Target-oriented robust optimization for scheduling microalgal cultivation and harvesting for biofuel production

Microalgae is regarded as one of the most viable bioenergy feedstocks due to its ability to produce substantial amounts of essential components for generating various biofuels, while requiring only a limited amount of water and land area because of its high photosynthetic efficiency. However, technical challenges hinder large-scale biofuel production, making it economically unviable for commercial use. One significant challenge lies in its cultivation process, as the cultivation method and system are crucial in determining both the quantity and quality of the biofuel produced.
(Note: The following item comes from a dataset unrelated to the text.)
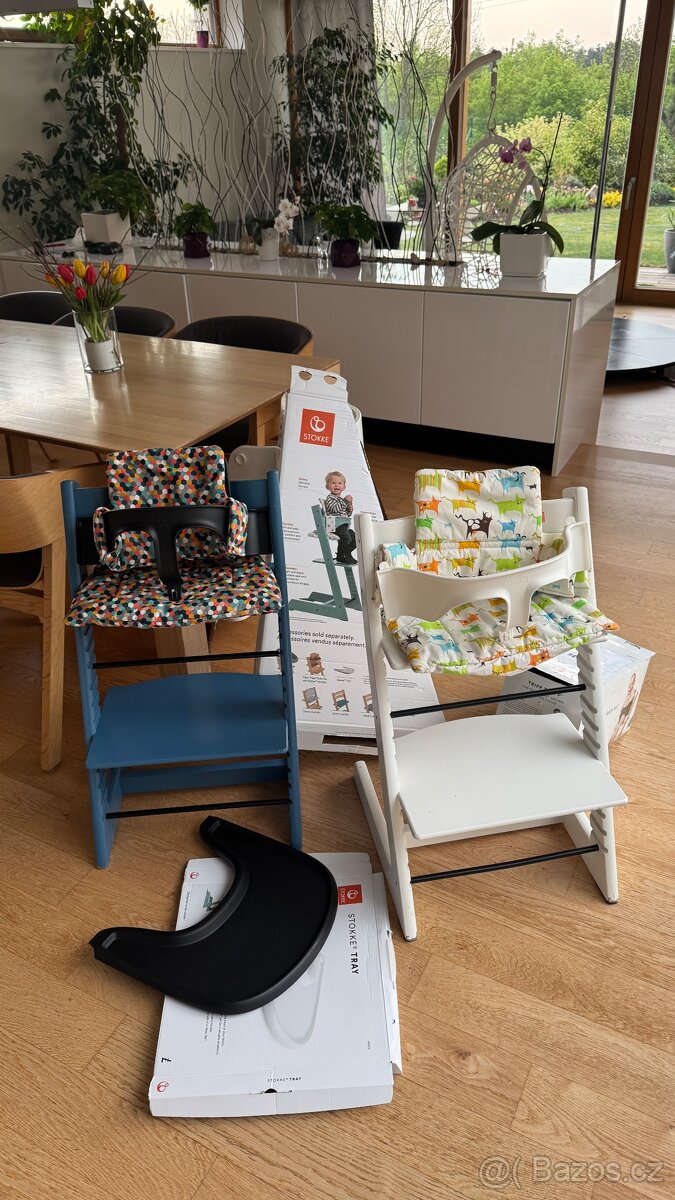 Stokke zidle - 2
Furthermore, peak biomass concentration and productivity for various compounds and nutrients in microalgae do not align at the same time, are unpredictable, and prone to variability. This study proposes a planning algorithm for microalgae cultivation systems that integrates species selection, cultivation, harvesting strategies, and scheduling under growth rate uncertainty, aiming to maximize profit. The functionality of this decision support system is illustrated through a hypothetical case study, with scenario analysis performed to understand system performance under varying conditions. Moreover, Monte Carlo simulations confirm the stability of the target-oriented robust optimization solutions, outperforming their deterministic counterparts when faced with uncertainty, specifically for risk averse decision makers the suggested solution is when robustness index θ = 1.0, where the profit target must be set at 1.3030 million US$, with this profit is expected to be 1.3010 million US$ with a standard deviation of 4,750 US$ and mean carbon sequestered at 3.1165 million CO₂-kg, which is notably improved compared to lower robustness indices.